How Far We’ve Come (1/2): Teremko Griffin and Guerilla Tactics

This post is inspired by the Guerilla Tactics I found digging around my parents’ basement last week; you may have read about this expedition here.

guerillatactics
Among other things, Guerilla Tactics.

And in case you were wondering, I sadly found only four regular Gaea’s Cradles upon returning to New York 🙁

Guerrilla Tactics returned to the playable conversation when Patrick Sullivan publicly bought a playset from Star City Games prior to Grand Prix Denver. He got to showcase them against the many Liliana of the Veil decks in matches like his successful feature against Former #1 Apprentice (and GP Denver Top 8 competitor) Joshua P. Ravitz.

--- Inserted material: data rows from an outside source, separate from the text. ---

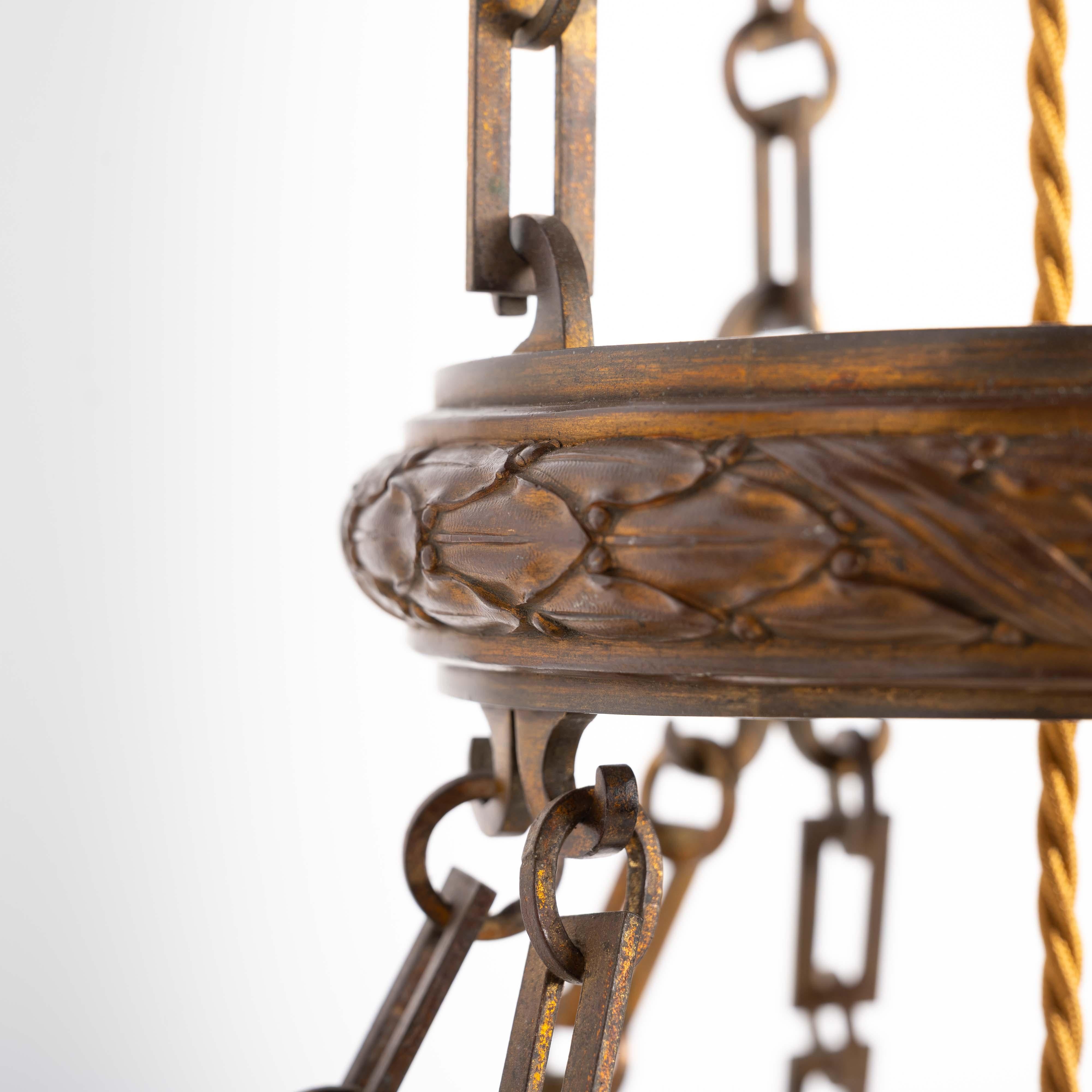 Rara e monumentale lampada a sospensione in pietra di luna Jefferson con eccezionali accessori in fusione in vendita 6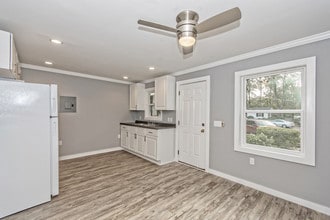 1102 N Hillside Dr in Charleston, SC - Building Photo - Building Photo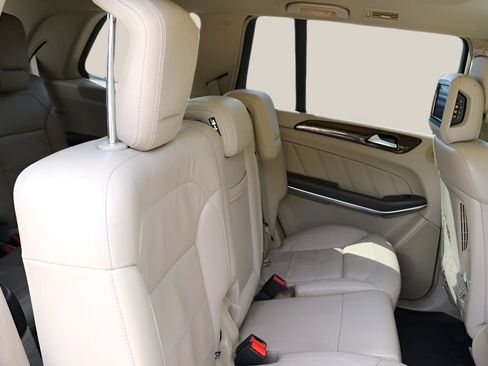 Used 2014 Mercedes-Benz GL 550 4MATIC image 21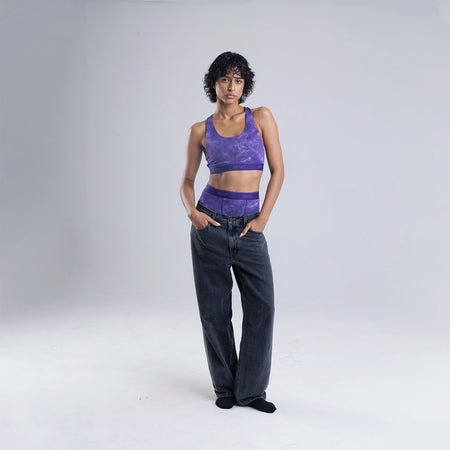 Kawa wears a size S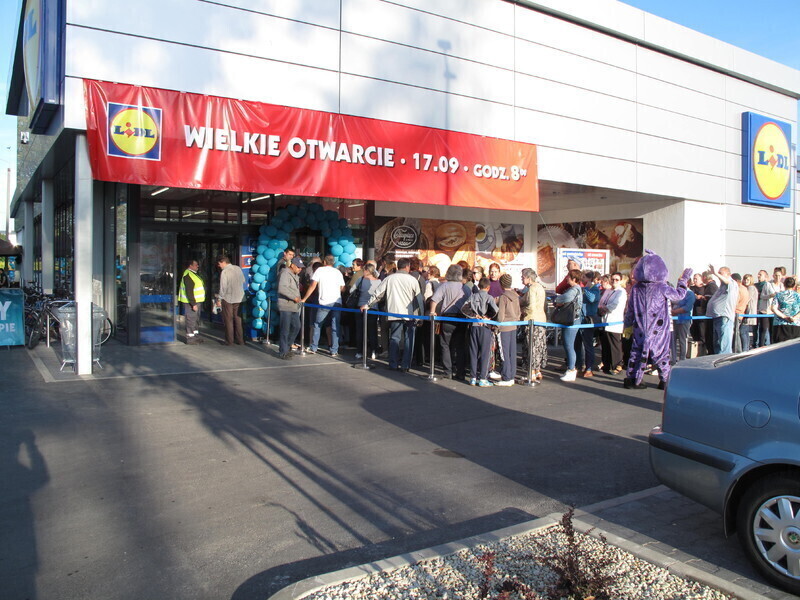 Zdjęcie 2: Zobacz otwarcie nowego marketu w Piotrkowie! 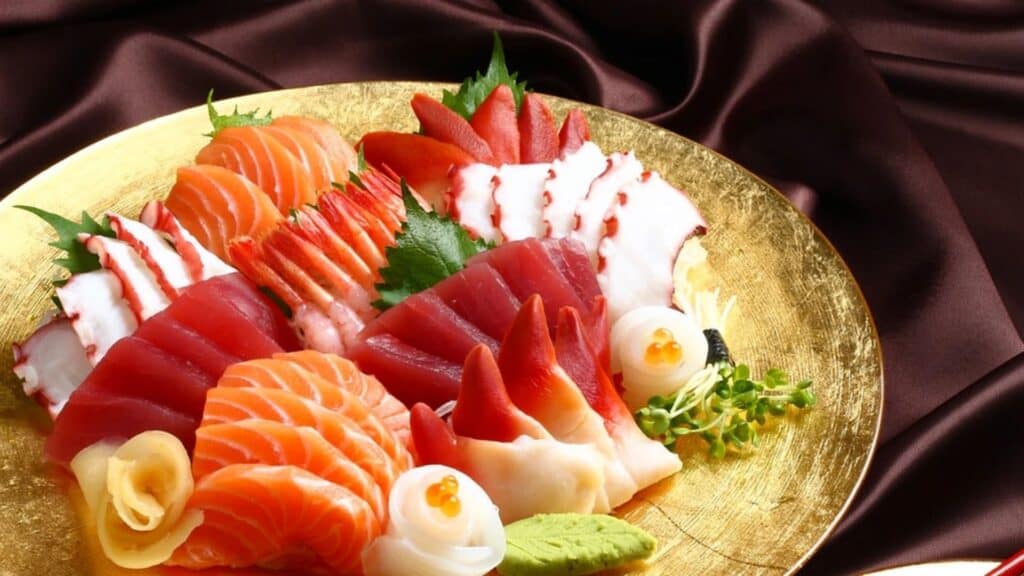 every Japanese food you must try sashimi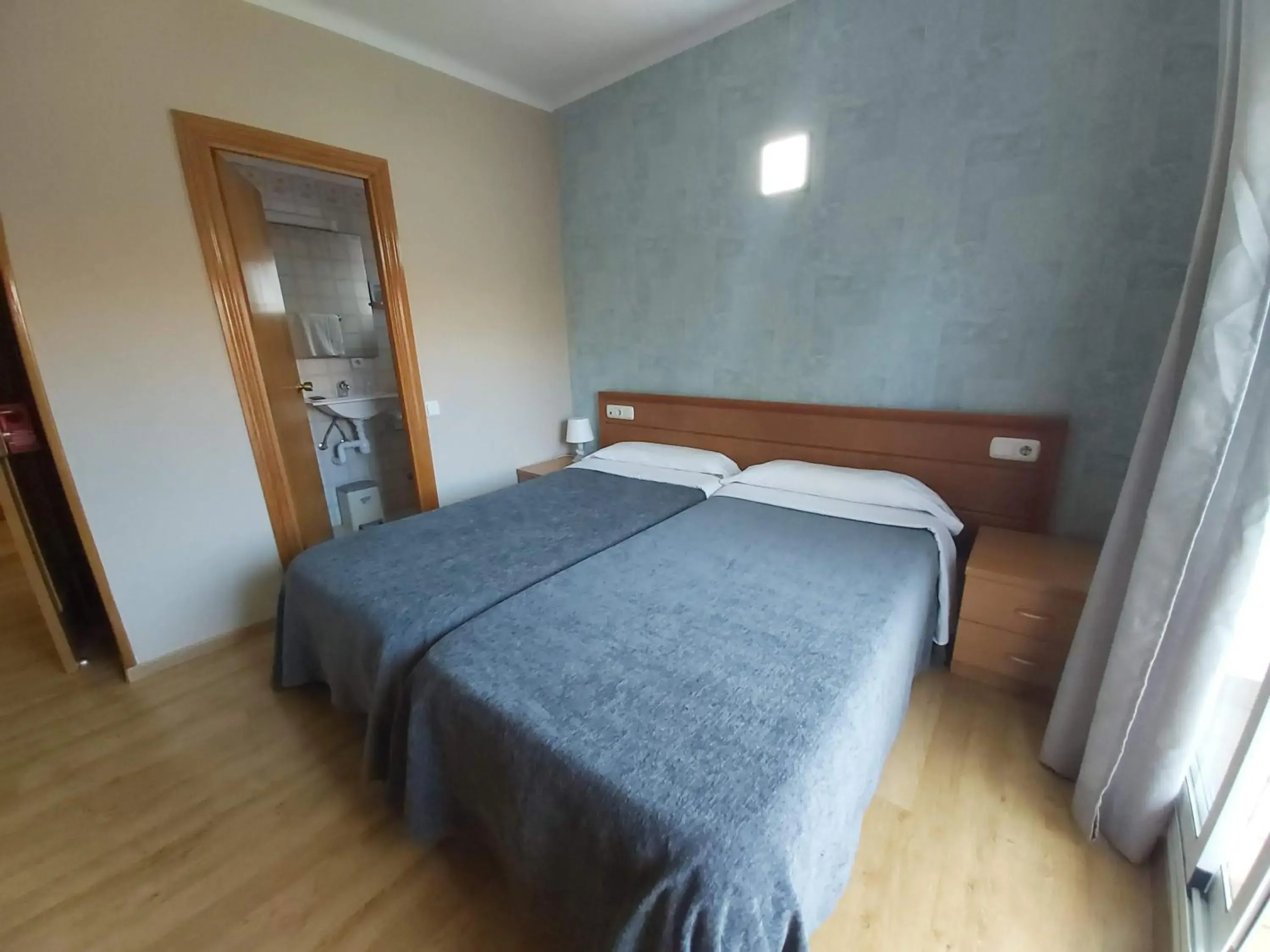 Bedroom, Bed in Hotel 139 Bedroom, Bed in Hotel 139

This tale of Guerilla Tactics is a story, a lesson really, from my first Pro Tour. You may have read here, here, or elsewhere that I won an Ice Age/Alliances PTQ with a B/R Necropotence deck. In college in Philadelphia I had a great group of friends with whom I played as many as fifty hours of Magic with per week. We played draft, Standard, PTQ formats, and ground dozens of matches of Arena League. We played local Philadelphia tournaments together (though I was the only serious-serious one) and adventured to reasonably close PTQs within ~2 states, usually via public transportation. The most talented player in our group as Albert Tran (the only player other than myself to win multiple Blue Envelopes when we were in college) but unlike most of the rest of us, altran was wasting his college years on a string of cute Asian girls so was very off and on in terms of how seriously he took Magic at any given time. Ergo the effective best player in the group was, unfortunately, YT.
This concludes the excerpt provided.